Overall, the book is meant for those on UNIX platform but it tries to cover other platforms as well by devoting chapter eleven solely to using Apache on Windows 95/NT. For those interested in developing their own modules for Apache, the final chapter would be a good launching pad as it presents an overview of the subject, although it is not to be taken as the bible for programming Apache.

On the subject of securing Apache, readers are given the alternative of using either mod_ssl or Apache-SSL as detailed instructions are provided for building OpenSSL, SSLeay, mod_ssl and Apache-SSL. The sentence "SSLeay is an application programmer interface to the OpenSSL library" indicates a confusion over the relationship between SSLeay and OpenSSL as in truth, OpenSSL is based on the excellent SSLeay library and not vice-versa. It also fails to mention that OpenSSL has replaced SSLeay as one of the prerequisites for Apache-SSL and currently SSLeay libraries are no longer maintained.

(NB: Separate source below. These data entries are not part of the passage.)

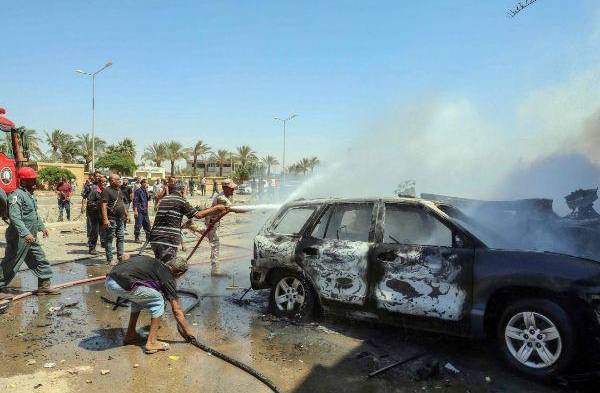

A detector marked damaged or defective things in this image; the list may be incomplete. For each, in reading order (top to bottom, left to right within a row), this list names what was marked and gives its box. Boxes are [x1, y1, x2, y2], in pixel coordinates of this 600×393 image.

burned car door [254, 204, 322, 268]
burned car door [296, 202, 376, 306]
burned car door [376, 202, 474, 322]
burned black suv [251, 198, 600, 378]
damaged car behind [251, 198, 600, 378] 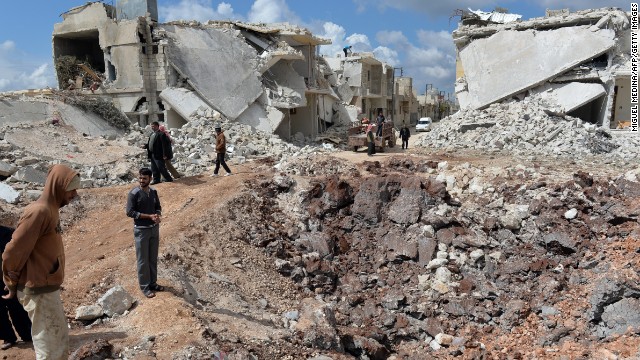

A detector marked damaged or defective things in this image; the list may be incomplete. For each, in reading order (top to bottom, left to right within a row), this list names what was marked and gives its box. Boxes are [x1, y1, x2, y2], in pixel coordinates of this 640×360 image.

damaged facade [53, 0, 348, 139]
broken concrete slab [165, 26, 264, 121]
broken concrete slab [460, 26, 616, 109]
damaged facade [456, 7, 632, 129]
broken concrete slab [528, 82, 604, 112] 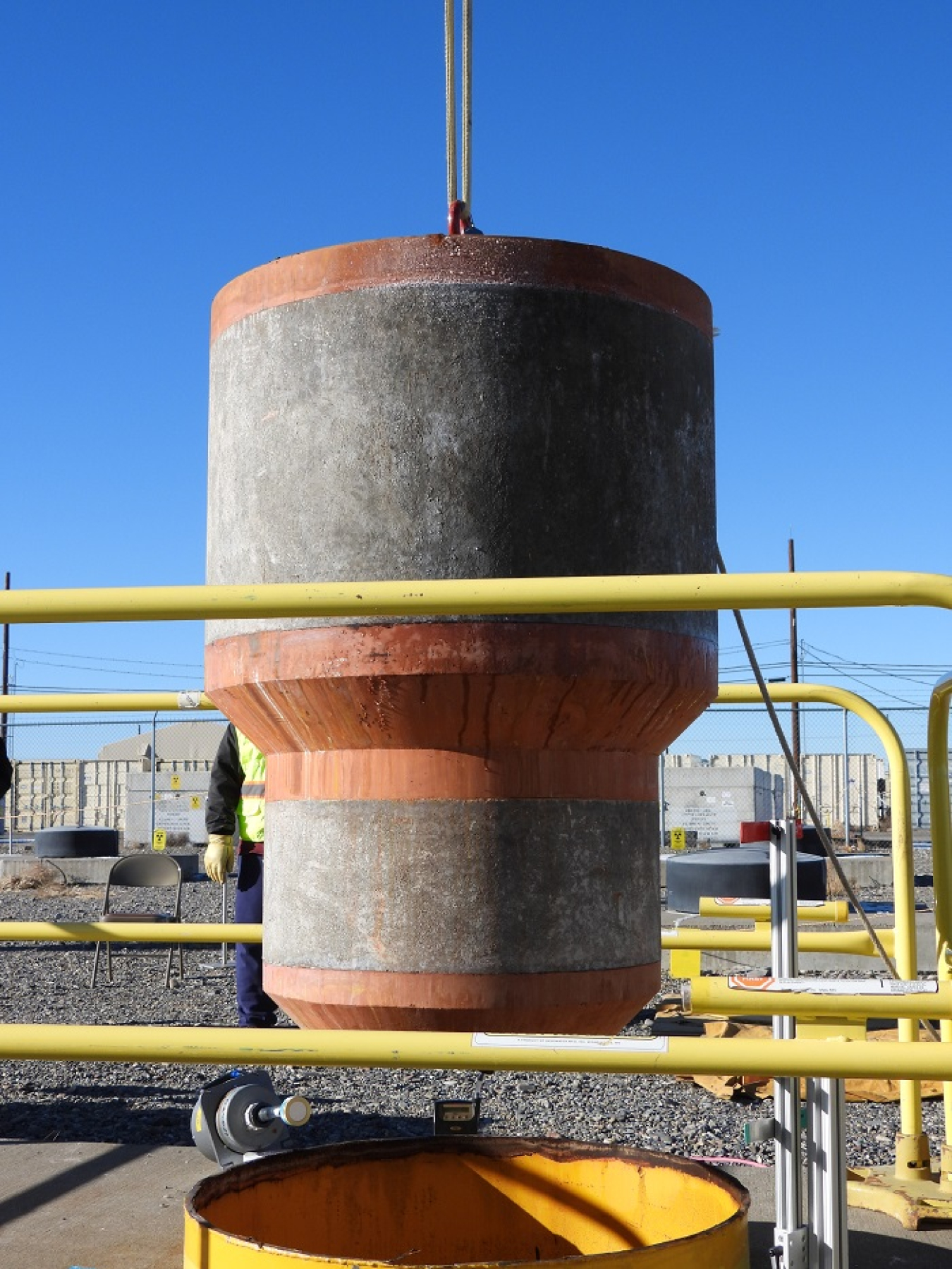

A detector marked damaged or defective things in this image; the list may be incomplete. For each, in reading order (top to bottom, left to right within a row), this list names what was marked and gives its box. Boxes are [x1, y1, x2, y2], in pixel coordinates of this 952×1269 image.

rusted drum rim [210, 236, 716, 345]
rusted drum rim [188, 1136, 751, 1263]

Apart from the above SSL third-party modules, other Apache plug-ins such as mod_perl are only mentioned briefly but ample references are given for further reading. One interesting point to note is that it does not encourage Front Page support on Apache and if you are determined to install Front Page Server Extensions, it recommends that you move those sites requiring Front Page to some other web servers instead.

Although "Administering Apache" is hot off the press, the same cannot be said of its contents. Inconsistencies on the version of Apache used can be found throughout the book, with mentions of apache_1.3.6 in a few chapters and apache_1.3.9 in others. The sequence of some sections could do with a rearrangement to closely reflect the "real world" tasks. For example, chapter two's section on removing existing servers comes before the downloading and building Apache Server sections, whilst an 'upgrading or migrating' section is sorely missing. In the same chapter, the instruction to remove all web servers before installing the Apache Web Server seems very conservative and unnecessary, as it is possible to have numerous web servers running on the same machine especially for testing purposes.

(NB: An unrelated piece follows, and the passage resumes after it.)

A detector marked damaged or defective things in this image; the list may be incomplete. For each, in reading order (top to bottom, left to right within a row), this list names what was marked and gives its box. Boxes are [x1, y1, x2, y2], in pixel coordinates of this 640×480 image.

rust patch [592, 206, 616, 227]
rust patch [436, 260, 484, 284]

As Apache directives appear under their respective functions, an exhaustive list should be provided for reference but is not. Typographical conventions used are not explained and it is most unsettling to come across four question marks (sometimes three question marks) appended to the directives like these - "AddAlt????" and "AddIcon????" staring at you. This is not an oversight of the proofreaders, it just means that "????" or "???" is a sort of "variable" and "AddIcon????" refers to all directives beginning with the word AddIcon such as AddIconByType and AddIconByCoding. They could do well to warn us beforehand.

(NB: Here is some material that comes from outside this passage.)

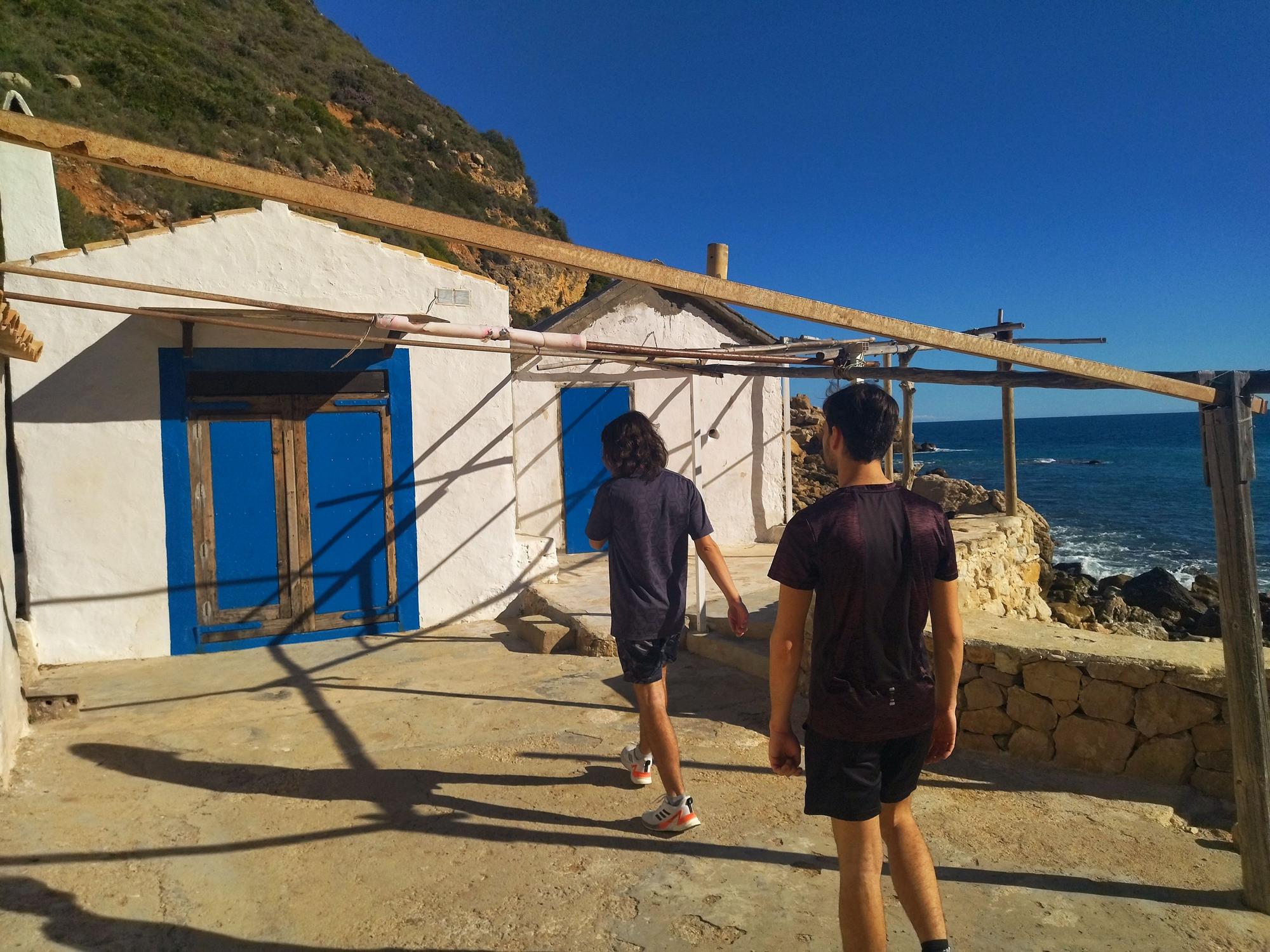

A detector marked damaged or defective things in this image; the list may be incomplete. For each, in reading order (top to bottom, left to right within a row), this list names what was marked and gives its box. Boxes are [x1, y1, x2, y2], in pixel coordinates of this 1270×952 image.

Despite a few noticeable shortcomings, this book is a good companion for beginners to UNIX, web servers in general, and the Apache web server as it offers a good introduction to setting up web servers and services, and an overall picture of Apache including its source codes. It is easy to comprehend, not too dry to read on its own without having to sit in front of a computer and might even be interesting for leisure or bedtime reading. If you have only a faint idea of what web servers, UNIX and Apache are all about (but of course you must be computer literate), then this book is a good starting point for its span though wide is shallow with lots of references provided for further reading.

For professional web administrators or experienced Apache users, this book will not add much to your already in-depth knowledge of Apache, but you might still be attracted to read it for its strategies, server management tips, and policies - as well as for its entertaining qualities.